Developing training in remote sensing

One of the major objectives behind the establishment of the SEAS station in French Guiana was to develop training. The PUG (Guianese University Complex) needs to develop suitable post-baccalaureate training so that young Guianese people are able to make use of satellite imaging. “There is no basic training in geography” according to Professor Fotsing. In 2006 the first year-group arrived to study for a Master’s degree in REMI/VERT (Resources in the inter-tropical environment, specialising in energy, risk, and remote sensing valorisation). This course is directly related to the new technologies. Students do not only come from French Guiana, and young Brazilians for instance will be able to enrol. This ties in with agreements and sustainable development objectives in the Amazonian basin.

Two generations of satellites based in Cayenne

Receiving satellite images already goes back some time in French Guiana. The station in the SEASNET network has been in operation since May 1998. This station seeks to monitor the environment, together with its equivalents in Réunion, New Caledonia, Polynesia, and the Canaries. Each day the IRD receives images from sensors on-board the NOAA (National Oceanic and Atmospheric Administration) and SeaWifs satellites. These are used to produce, for example, maps of surface temperatures and maps of concentrations of chlorophyll.

These two families of satellites make it possible to have an approach to the environment operating at two different scales.
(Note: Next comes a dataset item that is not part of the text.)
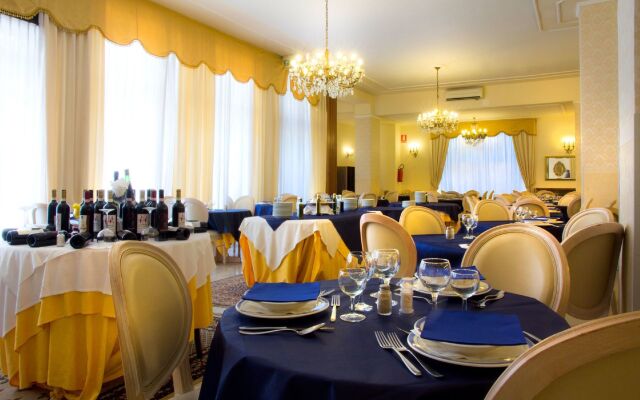 Hotel Alexander Palme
For example coastal dynamics may be observed at the level of a municipality using precise images from SPOT and “broad views” of the entire Amazonian zone using the SEASNET station. Soon images will be received by the IRD centre in Cayenne from a third family of satellite – images first from the MERIS hyperspectral sensor onboard the ENVISAT satellite, and then from the TERRA-MODIS satellite will open up new perspectives for the use of satellite imaging.

The IRD wishes to take part in scientific events in French Guiana and involve young Guianese people as much as possible in remote sensing, and so is actively involved in schemes for the public. Each year as part of the Science Fair young schoolchildren in isolated towns and villages are visited by IRD specialists who introduce pupils to technologies far removed from their daily life and environment thanks to appropriate teaching materials.

In November 2008, to celebrate the 3rd anniversary of receiving its first image, SEAS-Guyane organised a conference and brought out an atlas making a series of images seen from the heavens available to the general public.